## Directions
Scan the records that follow, and whenever a line has the word "background", copy it.
** Opening Supplied records block **
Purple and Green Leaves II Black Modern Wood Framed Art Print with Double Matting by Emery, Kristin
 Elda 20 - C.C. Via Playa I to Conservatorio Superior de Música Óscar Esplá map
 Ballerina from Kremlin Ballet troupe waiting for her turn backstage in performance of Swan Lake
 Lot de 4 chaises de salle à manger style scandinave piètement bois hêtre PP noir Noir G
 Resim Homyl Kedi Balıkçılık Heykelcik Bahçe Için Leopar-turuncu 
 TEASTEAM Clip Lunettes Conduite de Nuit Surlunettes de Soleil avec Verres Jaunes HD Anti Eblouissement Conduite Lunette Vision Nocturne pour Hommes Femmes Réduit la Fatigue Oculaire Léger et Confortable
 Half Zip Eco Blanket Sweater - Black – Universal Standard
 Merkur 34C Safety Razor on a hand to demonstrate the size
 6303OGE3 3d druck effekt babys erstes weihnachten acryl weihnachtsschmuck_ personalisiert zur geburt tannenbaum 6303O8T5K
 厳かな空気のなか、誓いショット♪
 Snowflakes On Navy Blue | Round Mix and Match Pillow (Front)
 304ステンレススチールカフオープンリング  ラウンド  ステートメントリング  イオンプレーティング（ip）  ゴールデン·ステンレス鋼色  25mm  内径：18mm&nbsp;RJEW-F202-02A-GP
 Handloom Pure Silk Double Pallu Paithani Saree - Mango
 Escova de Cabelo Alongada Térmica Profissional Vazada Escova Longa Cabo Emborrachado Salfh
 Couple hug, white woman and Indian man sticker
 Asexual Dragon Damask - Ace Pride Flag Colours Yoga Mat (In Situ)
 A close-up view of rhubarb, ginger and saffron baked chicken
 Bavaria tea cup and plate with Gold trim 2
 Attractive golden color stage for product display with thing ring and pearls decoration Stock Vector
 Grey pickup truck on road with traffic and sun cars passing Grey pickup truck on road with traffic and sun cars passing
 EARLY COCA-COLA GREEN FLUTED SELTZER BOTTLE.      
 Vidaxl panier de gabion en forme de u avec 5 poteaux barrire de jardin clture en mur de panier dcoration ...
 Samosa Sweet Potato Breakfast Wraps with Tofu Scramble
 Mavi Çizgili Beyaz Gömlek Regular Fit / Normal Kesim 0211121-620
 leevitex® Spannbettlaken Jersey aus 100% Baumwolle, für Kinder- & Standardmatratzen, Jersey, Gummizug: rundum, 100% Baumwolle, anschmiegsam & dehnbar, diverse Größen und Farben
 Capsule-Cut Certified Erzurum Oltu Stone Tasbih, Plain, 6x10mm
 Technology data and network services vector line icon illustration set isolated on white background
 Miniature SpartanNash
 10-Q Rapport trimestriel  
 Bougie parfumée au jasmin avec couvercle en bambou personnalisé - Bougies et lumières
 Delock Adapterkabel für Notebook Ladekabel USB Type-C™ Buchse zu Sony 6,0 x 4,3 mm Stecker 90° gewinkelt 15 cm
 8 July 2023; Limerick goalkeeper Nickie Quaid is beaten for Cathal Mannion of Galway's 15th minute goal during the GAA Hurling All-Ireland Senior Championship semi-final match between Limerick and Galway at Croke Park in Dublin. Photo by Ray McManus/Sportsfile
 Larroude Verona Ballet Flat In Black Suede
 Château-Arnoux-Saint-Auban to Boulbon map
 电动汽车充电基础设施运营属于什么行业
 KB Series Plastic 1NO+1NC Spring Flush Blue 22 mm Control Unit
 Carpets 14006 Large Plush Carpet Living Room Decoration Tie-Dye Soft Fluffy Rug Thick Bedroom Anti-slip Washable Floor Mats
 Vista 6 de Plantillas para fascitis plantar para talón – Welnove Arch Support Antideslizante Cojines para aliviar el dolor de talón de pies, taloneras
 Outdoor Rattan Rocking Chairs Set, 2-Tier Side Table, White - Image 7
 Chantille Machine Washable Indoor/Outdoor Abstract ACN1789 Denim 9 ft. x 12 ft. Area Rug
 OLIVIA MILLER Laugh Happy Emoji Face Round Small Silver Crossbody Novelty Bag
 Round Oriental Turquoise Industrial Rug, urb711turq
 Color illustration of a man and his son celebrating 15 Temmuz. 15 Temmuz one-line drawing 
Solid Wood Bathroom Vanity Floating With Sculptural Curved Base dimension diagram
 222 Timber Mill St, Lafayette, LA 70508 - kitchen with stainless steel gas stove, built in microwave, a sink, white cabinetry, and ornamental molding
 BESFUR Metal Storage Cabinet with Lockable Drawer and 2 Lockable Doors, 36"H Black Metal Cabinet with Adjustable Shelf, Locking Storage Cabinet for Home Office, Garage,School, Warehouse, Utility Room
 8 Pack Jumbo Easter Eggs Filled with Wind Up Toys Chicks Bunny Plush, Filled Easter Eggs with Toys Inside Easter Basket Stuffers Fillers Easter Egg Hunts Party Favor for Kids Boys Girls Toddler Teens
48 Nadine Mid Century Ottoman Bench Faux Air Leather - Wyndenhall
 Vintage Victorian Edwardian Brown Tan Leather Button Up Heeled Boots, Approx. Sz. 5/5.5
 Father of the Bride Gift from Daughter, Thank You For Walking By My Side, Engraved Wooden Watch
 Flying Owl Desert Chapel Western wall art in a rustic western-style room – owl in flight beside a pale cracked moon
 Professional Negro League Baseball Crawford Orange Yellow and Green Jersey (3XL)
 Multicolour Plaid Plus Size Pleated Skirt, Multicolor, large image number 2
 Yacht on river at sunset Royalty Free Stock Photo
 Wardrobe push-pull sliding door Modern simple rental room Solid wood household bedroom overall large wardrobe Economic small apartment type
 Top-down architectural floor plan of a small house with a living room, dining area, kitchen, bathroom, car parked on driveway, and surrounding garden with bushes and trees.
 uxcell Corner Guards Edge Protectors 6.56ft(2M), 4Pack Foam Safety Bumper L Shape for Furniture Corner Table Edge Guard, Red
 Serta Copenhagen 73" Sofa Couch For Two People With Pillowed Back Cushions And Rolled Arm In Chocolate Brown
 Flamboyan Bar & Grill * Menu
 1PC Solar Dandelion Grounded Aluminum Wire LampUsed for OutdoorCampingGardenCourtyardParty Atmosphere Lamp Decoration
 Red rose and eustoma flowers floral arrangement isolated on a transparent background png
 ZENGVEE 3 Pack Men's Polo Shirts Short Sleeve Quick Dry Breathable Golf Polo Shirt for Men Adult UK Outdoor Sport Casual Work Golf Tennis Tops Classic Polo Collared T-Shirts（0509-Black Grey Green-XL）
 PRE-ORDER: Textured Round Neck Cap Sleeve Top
** Closing Supplied records block **
## Written response
 Technology data and network services vector line icon illustration set isolated on white background
 Red rose and eustoma flowers floral arrangement isolated on a transparent background png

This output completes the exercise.